## Information supplied:
════════════════
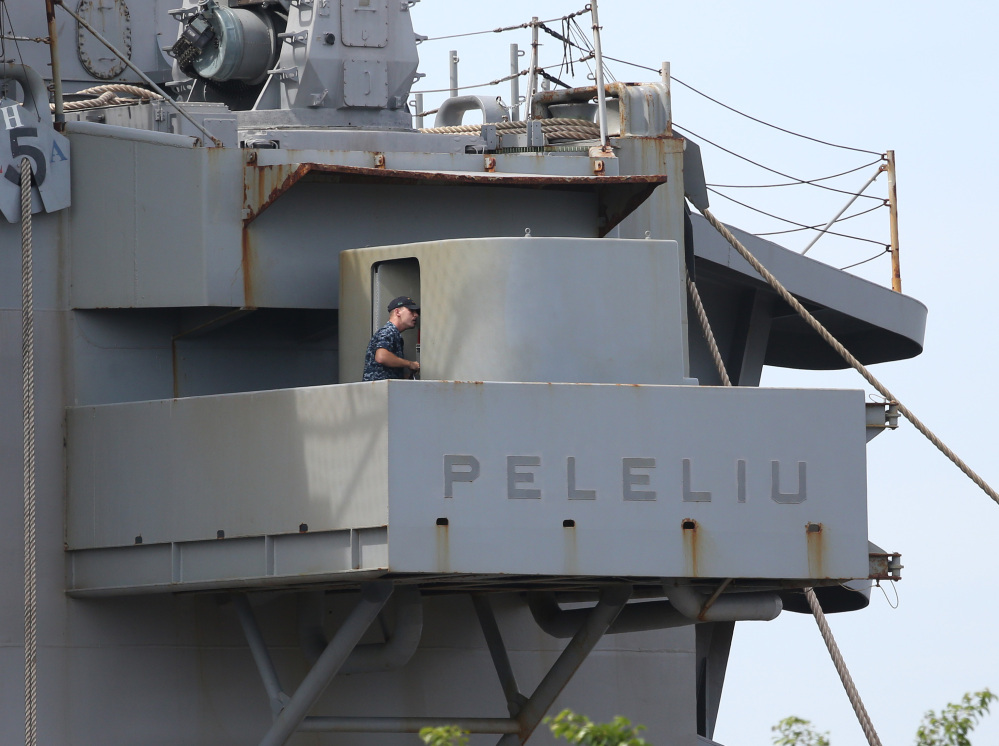 A U.S. marine walks inside the USS Peleliu, where U.S. Marine Pfc. Joseph Scott Pemberton is said to be detained after allegedly killing Filipino transgender Jennifer Laude at the Subic Bay free port, Zambales province, northern Philippines.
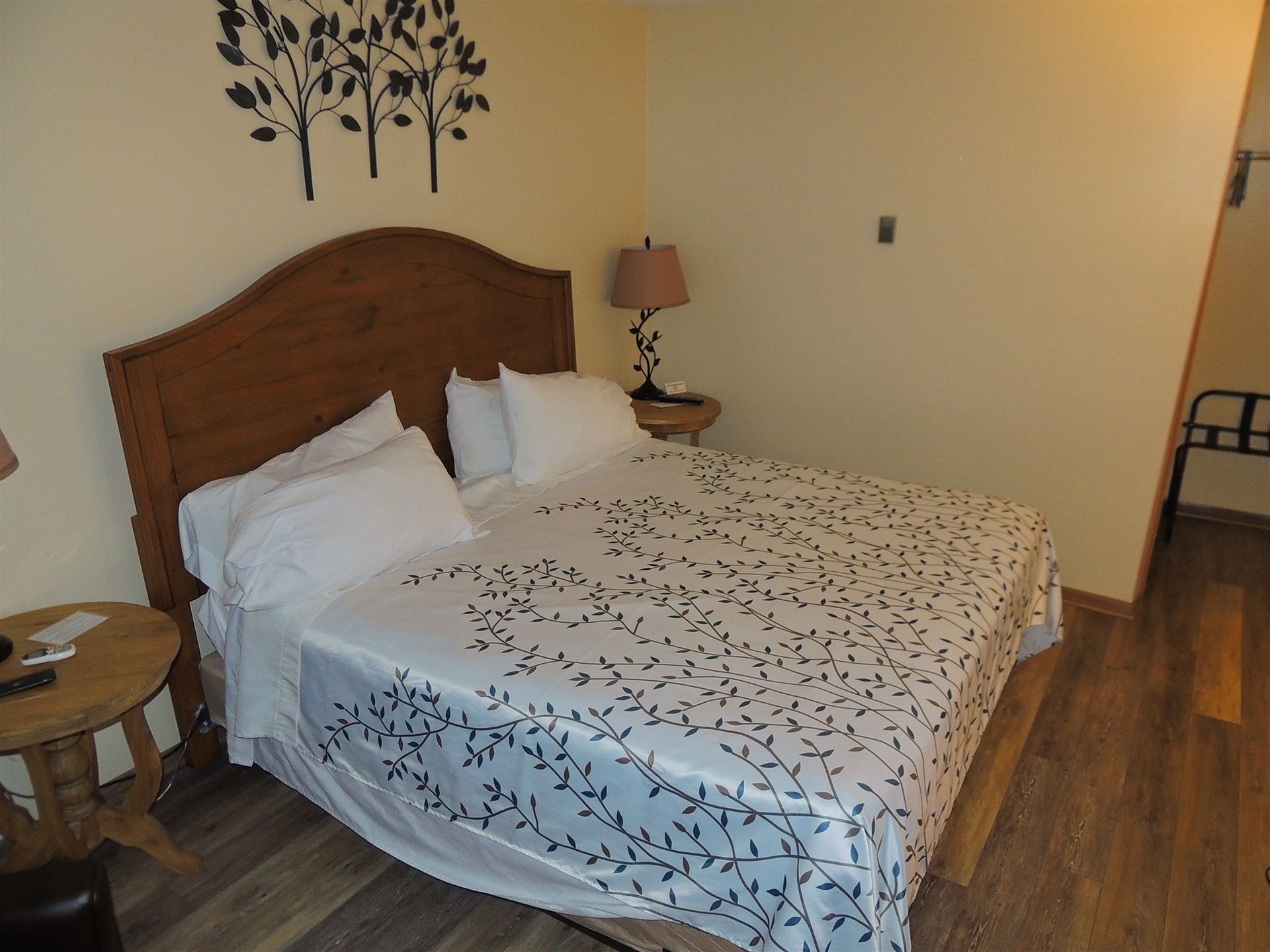 Cozy bedroom with a wooden bed, white patterned bedding, bedside table, and wall decor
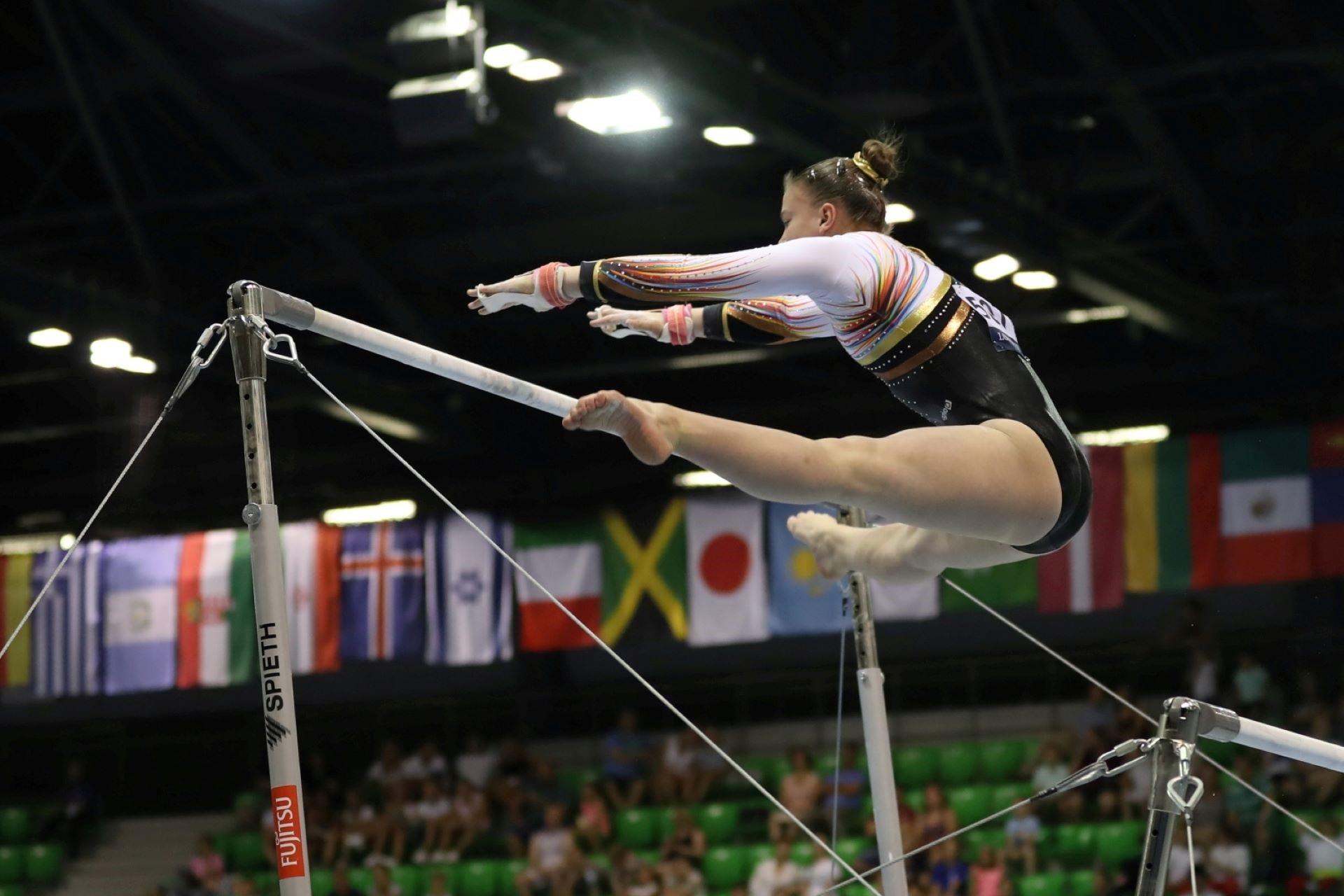 A gymnast mid-air during a uneven bars routine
════════════════
## Directions for this task:
Skip every picture, and give the rest of the material above again exactly.

## Exercise solution:
 A U.S. marine walks inside the USS Peleliu, where U.S. Marine Pfc. Joseph Scott Pemberton is said to be detained after allegedly killing Filipino transgender Jennifer Laude at the Subic Bay free port, Zambales province, northern Philippines.
 Cozy bedroom with a wooden bed, white patterned bedding, bedside table, and wall decor
 A gymnast mid-air during a uneven bars routine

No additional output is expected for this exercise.